A lawyer for Paul Vallas has submitted a 47-page brief arguing for the Connecticut Supreme Court to overturn a lower court ruling that he lacks the proper legal certification to serve as superintendent of schools. In a brief filed on Wednesday, appellate specialist Steven Ecker, hired by the Board of Education to represent Vallas, urges the state’s highest court to reverse Superior Court Judge Barbara Bellis. Read the legal brief here.

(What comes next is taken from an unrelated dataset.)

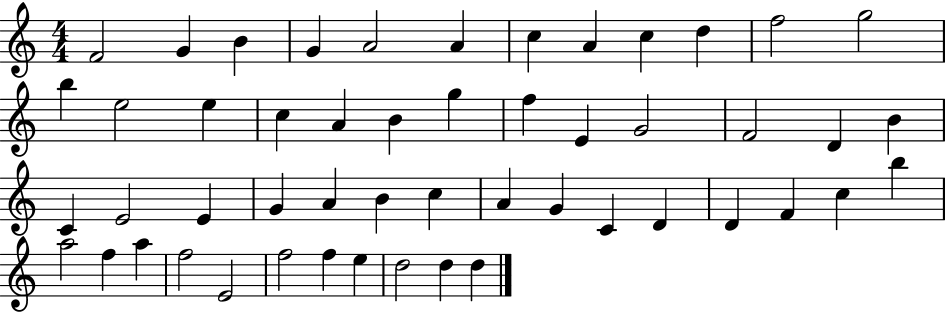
F4/h G4/q B4/q G4/q A4/h A4/q C5/q A4/q C5/q D5/q F5/h G5/h B5/q E5/h E5/q C5/q A4/q B4/q G5/q F5/q E4/q G4/h F4/h D4/q B4/q C4/q E4/h E4/q G4/q A4/q B4/q C5/q A4/q G4/q C4/q D4/q D4/q F4/q C5/q B5/q A5/h F5/q A5/q F5/h E4/h F5/h F5/q E5/q D5/h D5/q D5/q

Last week the Supremes overruled Bellis’ decision to boot Vallas from the job while the case is under appeal. Retired Superior Court Judge Carmen Lopez, a Bridgeport resident, filed the legal complaint against Vallas. The Supremes are expected to hear oral arguments in the matter in mid September. In his preliminary statement Ecker argues:
Paul Vallas, a nationally recognized schools administrator who has held city-wide school superintendent/CEO positions in post-Katrina New Orleans, in Chicago, and in Philadelphia over the past fifteen years, has been ousted, by writ of quo warranto, as Bridgeport’s superintendent of schools based on the trial court’s determination that he is not properly certified as a superintendent by the Connecticut Department of Education. This result is highly counterintuitive for numerous reasons, first and foremost because the certification at issue is subject, by statute, to an express waiver provision specifically intended to make it easier to bring exceptionally talented out-of-state superintendent candidates to Connecticut. See General Statutes § 10-157(c).2 Such a waiver was issued for Mr. Vallas on June 17, 2013, by the state’s Commissioner of Education, Stefan Pryor. See PI. Ex. 15 (A207). The waiver explicitly sets forth the Commissioner’s determination that Mr. Vallas (1) had successfully completed his statutory probationary period, and (2) is “exceptionally qualified” for the position of superintendent, which are the two predicates for waiver under Section 10-157(c). Part I of this brief explains why the trial court had no legal authority to second-guess the Commissioner’s waiver determination in a quo warranto action. Part II then explains why the trial court’s construction and application of the certification-waiver statute is erroneous as a matter of law. Reversal is required on either or both grounds.